Peak memory ≈ one dask chunk per variable, plus dask's own task graph overhead. For a 10 GB chunked NetCDF with 100 MB chunks, you pay 100 MB of RAM per variable, not 10 GB.

Lazy reads

atlas.to_xarray(name) returns each variable dask-backed when it was stored with non-trivial chunking (chunk_shape != shape). The dask chunks tuple mirrors the on-disk chunk grid one-to-one, and each on-disk chunk becomes a single dask task. Full-shape arrays and 0-D scalars come back eager as numpy.

ds = xr.open_dataset("big.nc", chunks={"time": 100, "lat": -1, "lon": -1})
with atlas.Atlas.create("/tmp/store") as atlas:
    atlas.add_xr_dataset(ds, "big")

ds_back = atlas.Atlas.open("/tmp/store").to_xarray("big")
type(ds_back["temperature"].data)        # -> dask.array.Array
ds_back["temperature"][0:100].compute()  # reads exactly one chunk

.compute() materialises the requested slice. Use xarray's normal operators (isel, sel, mean, map_blocks, …) to operate lazily.

Scheduler restrictions

The dask graph captures the DatasetView directly, so dask's default threaded scheduler works out of the box. Distributed and multiprocessing schedulers aren't supported in this release — the DatasetView isn't picklable across process boundaries.

# Works
ds_back["temperature"][0:100].compute(scheduler="threads")

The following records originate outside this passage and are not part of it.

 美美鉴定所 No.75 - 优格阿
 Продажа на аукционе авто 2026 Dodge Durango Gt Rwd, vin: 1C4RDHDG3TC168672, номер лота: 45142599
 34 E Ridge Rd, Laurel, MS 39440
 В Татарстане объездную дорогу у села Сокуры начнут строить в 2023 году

# Does NOT work — DatasetView is not picklable
ds_back["temperature"][0:100].compute(scheduler="processes")
ds_back["temperature"][0:100].compute(scheduler=Client(...))   # dask.distributed

If you need cross-process parallelism, either:

  1. Materialise first.compute() (on the threaded scheduler) and hand off numpy arrays to your workers.
  2. Use the bulk-read APIsAtlas.read_array_across_stacked and DatasetView.read_arrays are PyO3 calls into Rust that return eager numpy arrays, with parallelism handled internally by the tokio runtime. See Bulk reads.

When chunking is worth it

Storage shape Result
chunk_shape == shape (default) Whole array stored as one block. Reads are eager numpy. Slice reads decompress the full array.
chunk_shape != shape One block per chunk. Reads come back as dask arrays. Slice reads decompress only the touching chunks.

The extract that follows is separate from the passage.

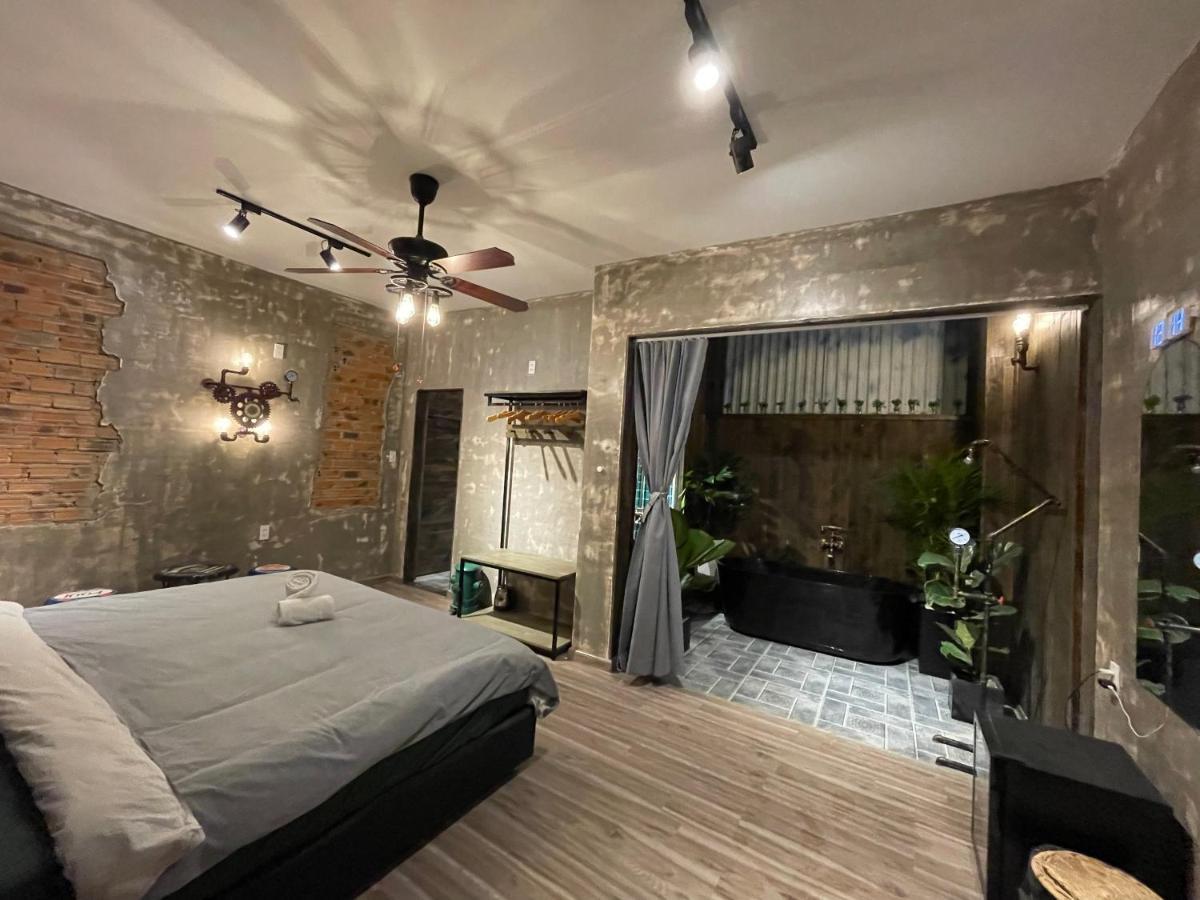 Lucas Inn Далат Экстерьер фото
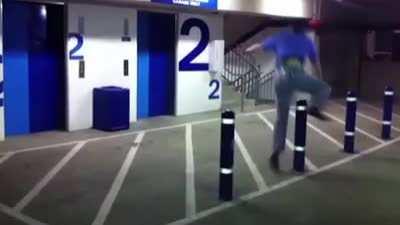 Hold my beer... I can do....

For small per-dataset shapes (e.g. the profile benchmark case — (50, 168) per variable) chunking adds more overhead than it saves; keep the default single-chunk layout. For large per-dataset shapes (e.g. the gridded case — (100, 100, 48)), chunking is what unlocks the decompression-only-what-you-touch behaviour. See Benchmarks for the actual numbers.